Washington’s taxes are currently very regressive: millionaires are paying about a 3% tax rate, while the lower brackets are around 17%.
Last week Washington State Sen. Jeanne Kohl-Welles (D-36) introduced legislation to create a one percent tax on household incomes over $1 million. All revenue generated would be dedicated toward an “education enrichment account.”

Our state education system is 46th in the nation in class size and 45th in per pupil funding: this would put money where it’s needed most.

Washington Republicans are farcically anti-tax: they recently refused to support a 0.2% surcharge to support 911 services.   However, our Democratic Governor Gregoire has also announced she opposes this measure, and many in the state legislature are expected to follow suit. This indifference is unacceptable from the Democrats who were elected to protect the middle-class during the economic crisis.
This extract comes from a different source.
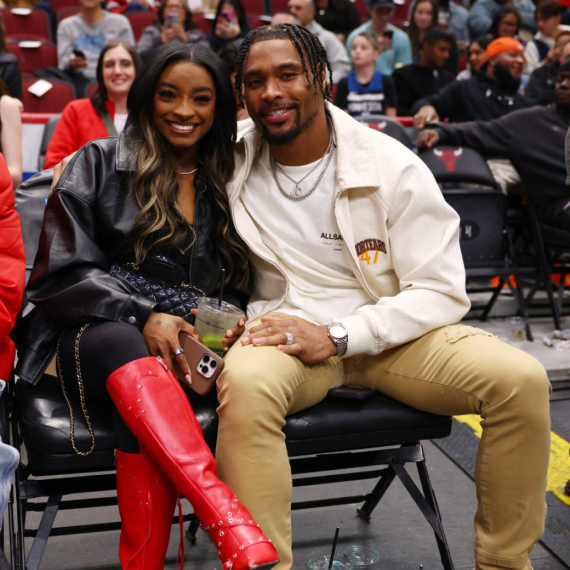 Zanosna sportistkinja visoka je 140 centimetara, a njeno telo u bikiniju zapalilo mreže FOTO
It is becoming increasingly clear that many incumbent Democrats will make no effort to balance recent cuts: including over a billion dollars from education: with new revenue. With a solid majority and a wide lead in the polls, Democrats now seem less beholden to middle-class voters than the corporate interests that fund their campaigns. It is up to voters: through the upcoming primary, contacting their legislators, editorializing, donating etc.: to hold these lawmakers accountable.

The conservative arguments against this tax are based on a false assumption: that the ultra-wealthy will be unsupportive. This is a shaky argument. If the wealthy can be convinced the money will be spent wisely, history has shown they will support increases. For example, when Seattle last had an income tax on the ballot, the measure was supported the most by those whose taxes would be raised the most.

All evidence has shown that Washington’s wealthy have a sense of responsibility and appreciation for the society and public investment that helped make their good fortune possible. Conservatives insult the intellect and intentions of the wealthy when suggesting they would be unwilling to pay a little more.

Furthermore, a high-earner’s income tax will not drive business out. A local example of this is Boeing Co., who left low taxes in Washington to set up headquarters in tax-heavy Chicago, IL. In fact, in the past 10 years, the 10 “most tax friendly” states and the 10 “least tax friendly” states experienced exactly the same growth rates in personal income (Sims, Richard).

Conservatives grossly overemphasize a correlation between low taxes and economic growth. High levels of public investment: particularly in public education: increase productivity and attract wealthy families to a given area. In reality, the quality of the educational system is one of the first things business location consultants look to when advising businesses on re-location or expansion decisions, and is one of the top issues for residents considering moving to or buying a home in an area (Sims, Richard).

While cutting taxes is now a popular mantra for politicians of all persuasions, they have been shown to be a harmful way to combat a recession (Economic Policy Institute). President Obama and a consensus of economists have determined that the public sector must spend now––the government must fill the void left by decreased private sector funding.

The same logic holds true in Washington state. It’s now up to Democrats to pass this and, with the help of those still wealthy enough to afford it, get back on the road to recovery.